‘Pakistan intel officer shared Osama’s hideout info with US’
BY Agencies12 May 2015 10:50 PM GMT
Agencies12 May 2015 10:50 PM GMT
A former Pakistani intelligence officer disclosed the hideout of Osama bin Laden to CIA in exchange of $25 million bounty on the head of the al-Qaeda chief, who was living as prisoner under ISI protection in the garrison town of Abbottabad, according to a report.
“In August 2010 a former senior Pakistani intelligence officer approached Jonathan Bank, then the CIA’s station chief at the US embassy in Islamabad. He offered to tell the CIA where to find bin Laden in return for the reward that Washington had offered in 2001,” the Dawn reported, citing American investigative journalist and author Seymour M Hersh.
The intelligence official, Hersh, said, was a military man who is now living in Washington and working for the CIA as a consultant. “I cannot tell you more about him,” he said.
The US confirmed the information provided by the official and put the compound under satellite surveillance.
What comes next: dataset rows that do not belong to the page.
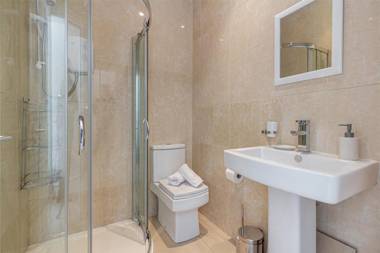 Cosy 2 Bed Apartment in Worcester City Centre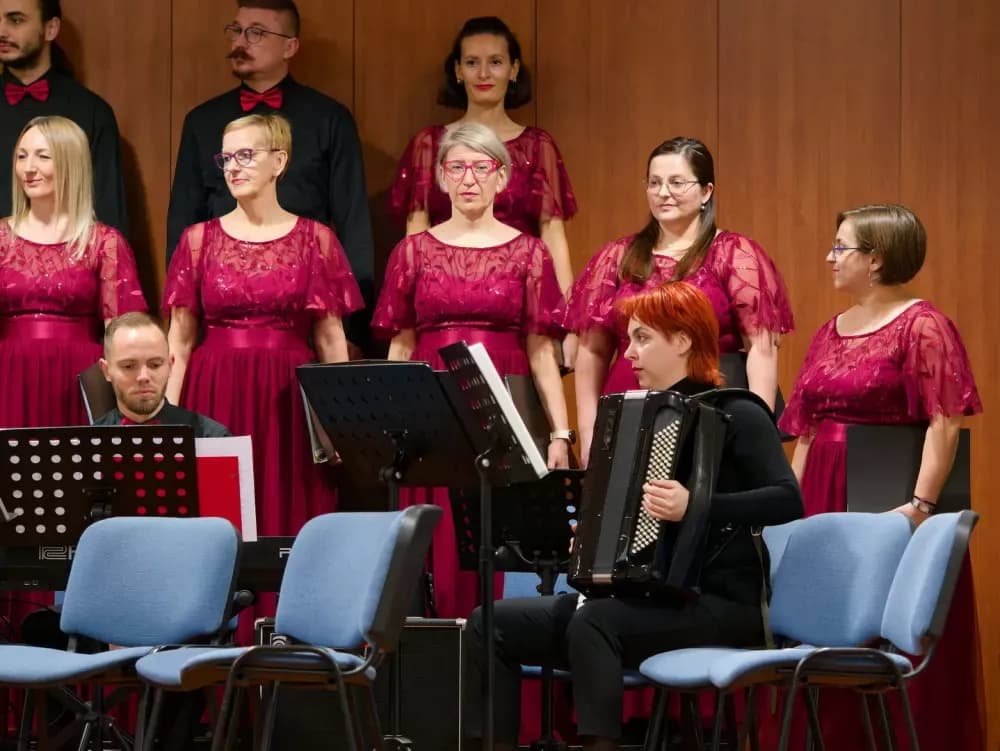 Božićni koncert brodskih udruga ispunio Glazbenu školu blagdanskim ozračjem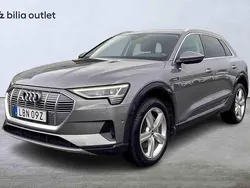 Grå Begagnad 2022 Audi e-tron SUV | 399 900 kr (Marknadspris)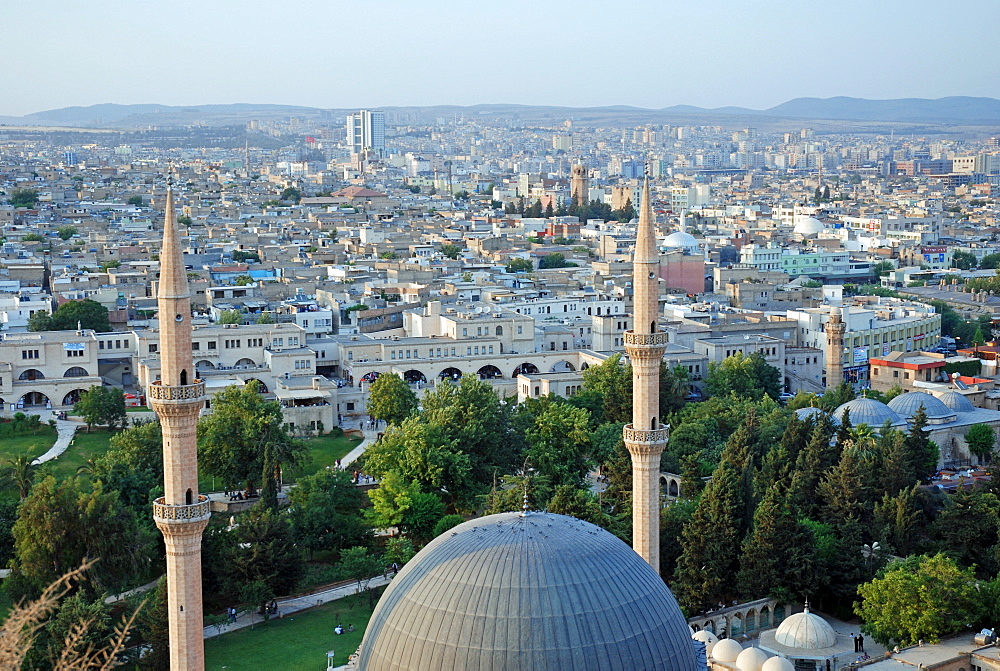 Panoramic view of the city and Ulu Cami Mosque (twelfth-century), Urfa (Sanliurfa), Anatolia, Turkey, Asia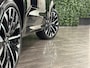 Volvo XC60 T8 AWD Recharge Ultra Dark | Facelift | Stoelventilatie | Trekhaak | 360° Camera | Stoelmassage | 455pk | Head-Up Display | Harman Kardon | Adaptieve Cruise Control | Stoelverwarming voor+achter | Stuurwielverwarming | Full LED Meesturende koplampen | Gelamineerde/geluidwerende zijruiten | Pilot Assist | BLIS Dode Hoek Detectie | Elektrische voorstoelen geheugen | Nappa Lederen bekleding | Zitting verlenging voorstoelen | Lederen Dashboard | Schuifdak | 21 Inch | Google Infotainment | Keyless Drive | Parkeersensoren voor+achter | Privacy Glass | Elektrisch bedienbare achterklep | Alarm Klasse III | DAB Radio | Apple Carplay/Android Auto | Draadloos telefoon opladen | Volvo On Call met mobiele App functie | Onyx Black Metallic |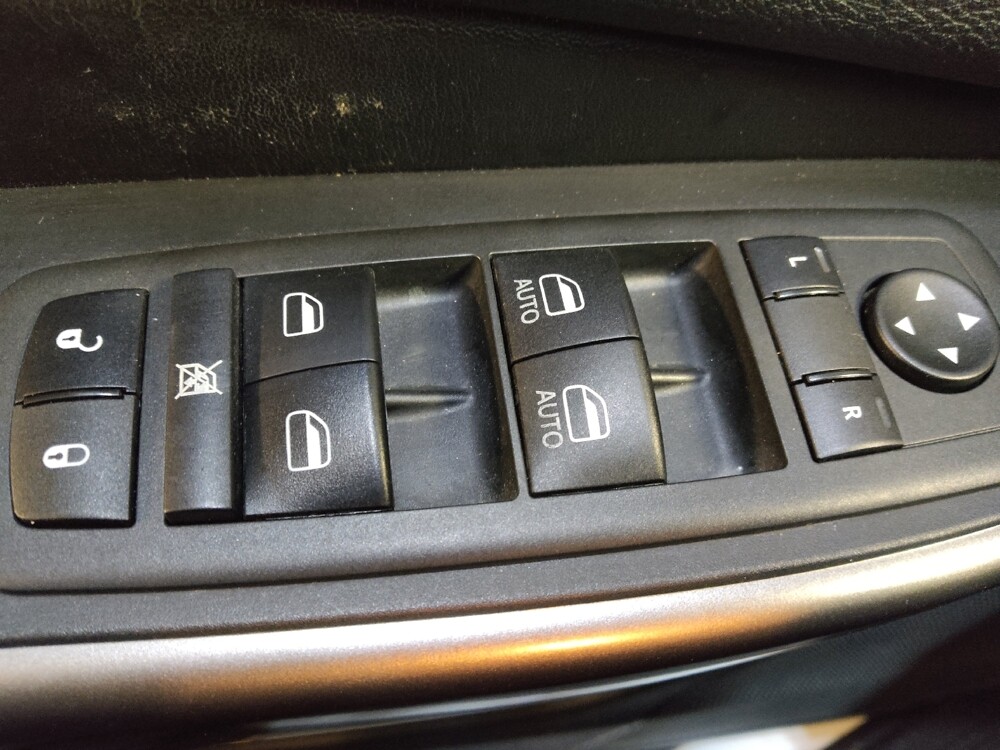 2021 Jeep Cherokee in Wilmington, NC 28405 - 18106200 27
Americans later informed the ISI which set up a cell in Ghazi, Tarbela, where “one man from the SEALs and two communicators” practised the raid before executing the operation, Hersh said, adding that it was difficult decision but Pakistan was ultimately taken on board and told about the script to kill Osama.
Hersh said that whatever the Obama administration told about the operation to kill Osama was part of fiction and the real story was totally different.
“The most blatant lie was that Pakistan’s two most senior military leaders Gen Ashfaq Parvez Kayani (the then army chief) and Gen Ahmed Shuja Pasha (the then ISI chief) were never informed of the US mission,” he told Dawn.
When the Americans contacted the Pakistani government and asked for Osama, the ISI insisted that he be killed and his death should be announced a week after the operation.
Hersh said the Saudi government also knew about Osama’s presence it Abbottabad and had advised the Pakistanis to keep him as a prisoner. “Osama was an ISI prisoner and never moved except under their supervision,” he said.
The Americans were required to say that the al-Qaeda chief was found in a mountainous region in the Hindu Kush so that neither Pakistan nor Afghanistan could be blamed for keeping him, Hersh said, adding that the ISI wanted him dead because “they did not want a witness”.